Documents can have attachments just like email. There are two ways to use attachments. The first one is inline with your document and it described first. The second one is a separate REST API for attachments that is described a little further down.

=== Inline Attachments ===
On creation, attachments go into a special ''_attachments'' attribute of the document. They are encoded in a JSON structure that holds the name, the content_type and the base64 encoded data of an attachment. A document can have any number of attachments.

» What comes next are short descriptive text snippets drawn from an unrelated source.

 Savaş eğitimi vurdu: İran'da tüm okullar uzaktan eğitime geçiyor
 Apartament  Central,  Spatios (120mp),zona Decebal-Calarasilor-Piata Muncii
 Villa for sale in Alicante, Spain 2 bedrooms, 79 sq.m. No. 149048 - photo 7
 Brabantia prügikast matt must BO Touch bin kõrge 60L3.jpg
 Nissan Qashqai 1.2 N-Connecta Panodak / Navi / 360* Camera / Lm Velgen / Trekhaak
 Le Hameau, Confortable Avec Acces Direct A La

When retrieving documents, the attachment's actual data is not included, only the metadata. The actual data has to be fetched separately, using a special URI.

Creating a document with an attachment:

{{{
{
  "_id":"attachment_doc",
  "_attachments":
  {
    "foo.txt":
    {
      "content_type":"text\/plain",
      "data": "VGhpcyBpcyBhIGJhc2U2NCBlbmNvZGVkIHRleHQ="
    }
  }
}
}}}

Please note that any base64 data you send has to be on '''a single line of characters''', so pre-process your data to remove any carriage returns and newlines.

Requesting said document:

{{{
GET /database/attachment_doc
}}}

CouchDB replies:

{{{
{
  "_id":"attachment_doc",
  "_rev":1589456116,
  "_attachments":
  {
    "foo.txt":
    {
      "stub":true,
      "content_type":"text\/plain",
      "length":29
    }
  }
}
}}}

Note that the ''"stub":true'' attribute denotes that this is not the complete attachment. Also, note the length attribute added automatically.

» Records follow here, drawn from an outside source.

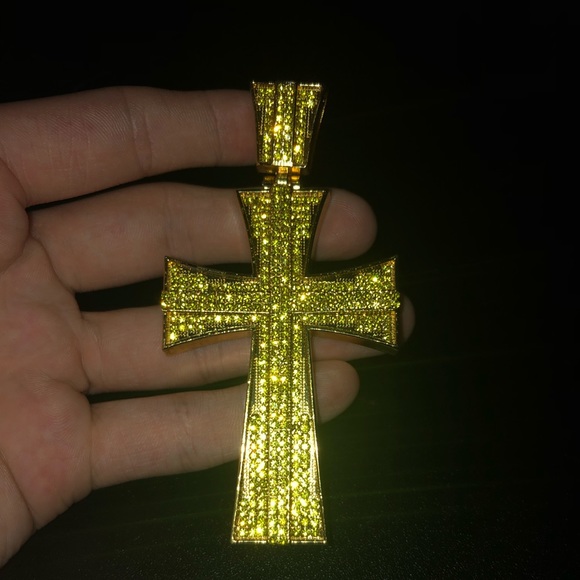 Sparkling Gold Cross pendant (Chain Not Included) - Picture 1 of 5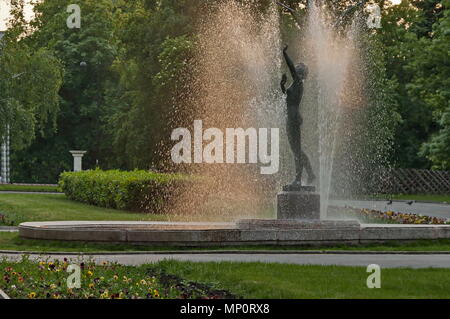 Paesaggio di molti fontana al tramonto con programma diverso nel pubblico Zaimov o Oborishte park della città di Sofia, Bulgaria, Europa Foto Stock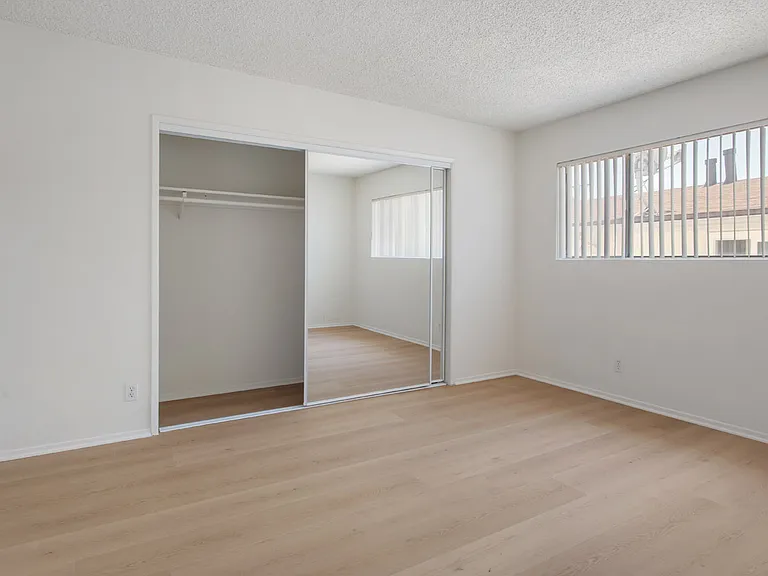 1324 Barry Ave #6 — Photo 11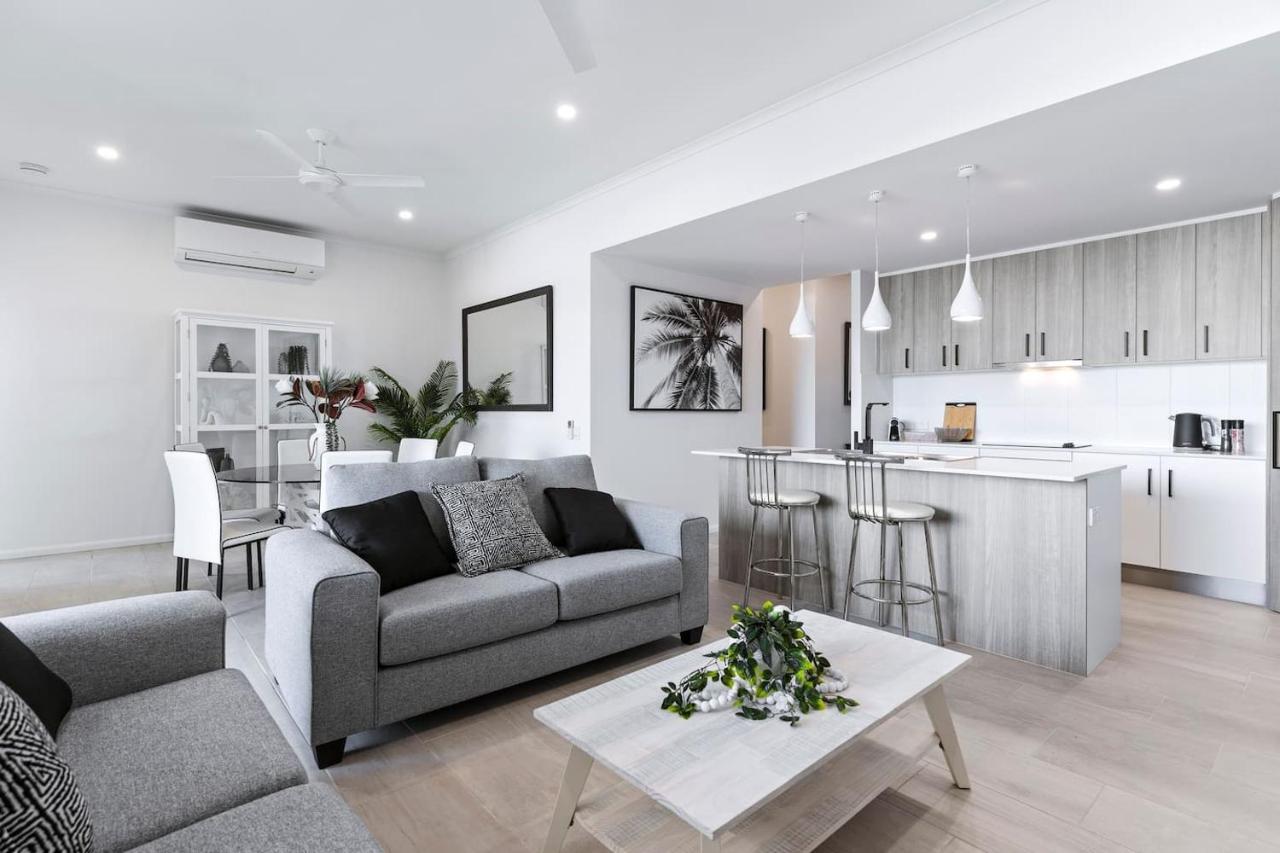 Mountain Air And Modern Flair 'your Getaway' Cairns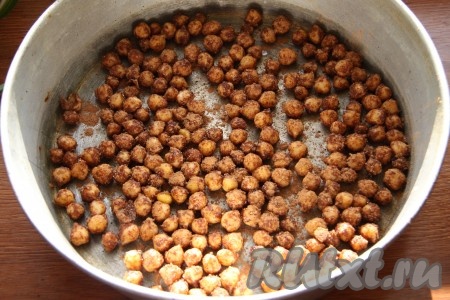 Отдельно смешать сахарную пудру, какао и корицу. Обвалять нут в получившейся сладкой смеси. Нут распределить в один слой в форме для запекания (при желании форму для выпечки можно застелить пергаментной бумагой) и отправить в духовку, разогретую до 180 градусов.
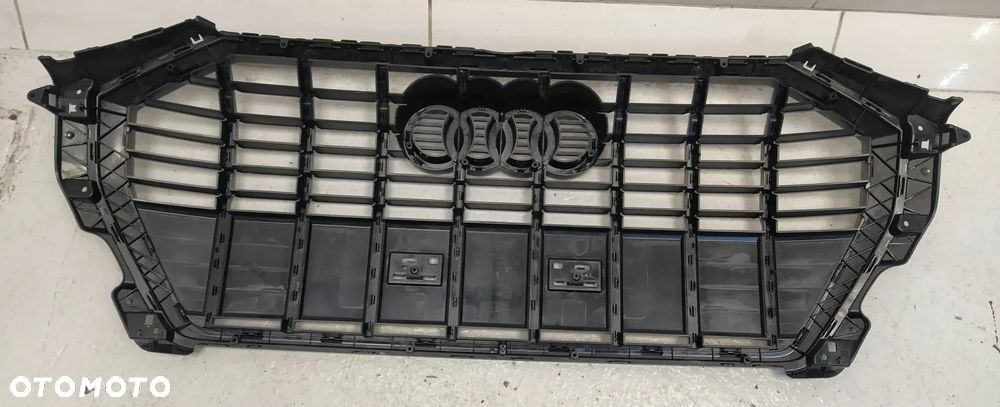 AUDI Q3 83A GRILL ATRAPA CHŁODNICY ZNACZEK NOWY ORYGINAŁ - 25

Requesting the attachment:

{{{
GET /database/attachment_doc/foo.txt
}}}

CouchDB returns:

{{{
This is a base64 encoded text
}}}

Automatically decoded!

=== Multiple Attachments ===

Creating a document with an attachment:

{{{
{
  "_id":"attachment_doc",
  "_attachments":
  {
    "foo.txt":
    {
      "content_type":"text\/plain",
      "data": "VGhpcyBpcyBhIGJhc2U2NCBlbmNvZGVkIHRleHQ="
    },

   "bar.txt":
    {
      "content_type":"text\/plain",
      "data": "VGhpcyBpcyBhIGJhc2U2NCBlbmNvZGVkIHRleHQ="
    }
  }
}
}}}


=== Standalone Attachments ===
CouchDB allows to create, change and delete attachments without touching the actual document. As a bonus feature, you do not have to base64 encode your data. This can significantly speed up requests since CouchDB and your client do not have to do the base64 conversion.

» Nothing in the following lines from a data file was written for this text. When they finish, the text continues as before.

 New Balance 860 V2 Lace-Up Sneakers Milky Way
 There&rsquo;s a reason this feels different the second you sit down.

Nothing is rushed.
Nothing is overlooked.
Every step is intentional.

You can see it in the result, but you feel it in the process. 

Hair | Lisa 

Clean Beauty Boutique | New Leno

You need to specify a MIME type using the Content-Type header. CouchDB will serve the attachment with the specified Content-Type when asked.

To create an attachment:
{{{
PUT somedatabase/document/attachment?rev=123 HTTP/1.0
Content-Length: 245
Content-Type: image/jpeg

<JPEG data>
}}}

CouchDB replies:
{{{
{"ok": true, "id": "document", "rev": "765B7D1C"}
}}}

Note that you can do this on a non-existing document. The document and attachment will be created implicitly for you. A revision id must not be specified in this case.

To change an attachment:
{{{
PUT somedatabase/document/attachment?rev=765B7D1C HTTP/1.0
Content-Length: 245
Content-Type: image/jpeg

<JPEG data>
}}}

CouchDB replies:
{{{
{"ok": true, "id": "document", "rev": "766FC88G"}
}}}

To delete an attachment:

{{{
DELETE somedatabase/document/attachment?rev=765B7D1C HTTP/1.0
}}}

CouchDB replies:
{{{
{"ok":true,"id":"document","rev":"519558700"}
}}}

To retrieve an attachment:

{{{
GET somedatabase/document/attachment HTTP/1.0
}}}

CouchDB replies
{{{
Content-Type:image/jpeg

<JPEG data>
}}}


== ETags/Caching ==

CouchDB sends an ''ETag'' Header for document requests. The ETag Header is simply the document's revision in quotes.

For example, a ''GET'' request:

{{{
GET /database/123182719287
}}}

Results in a reply with the following headers:

{{{
cache-control: no-cache,
pragma: no-cache
expires: Tue, 13 Nov 2007 23:09:50 GMT
transfer-encoding: chunked
content-type: text/plain;charset=utf-8
etag: "615790463"
}}}

''POST'' requests also return an ''ETag'' header for either newly created or updated documents.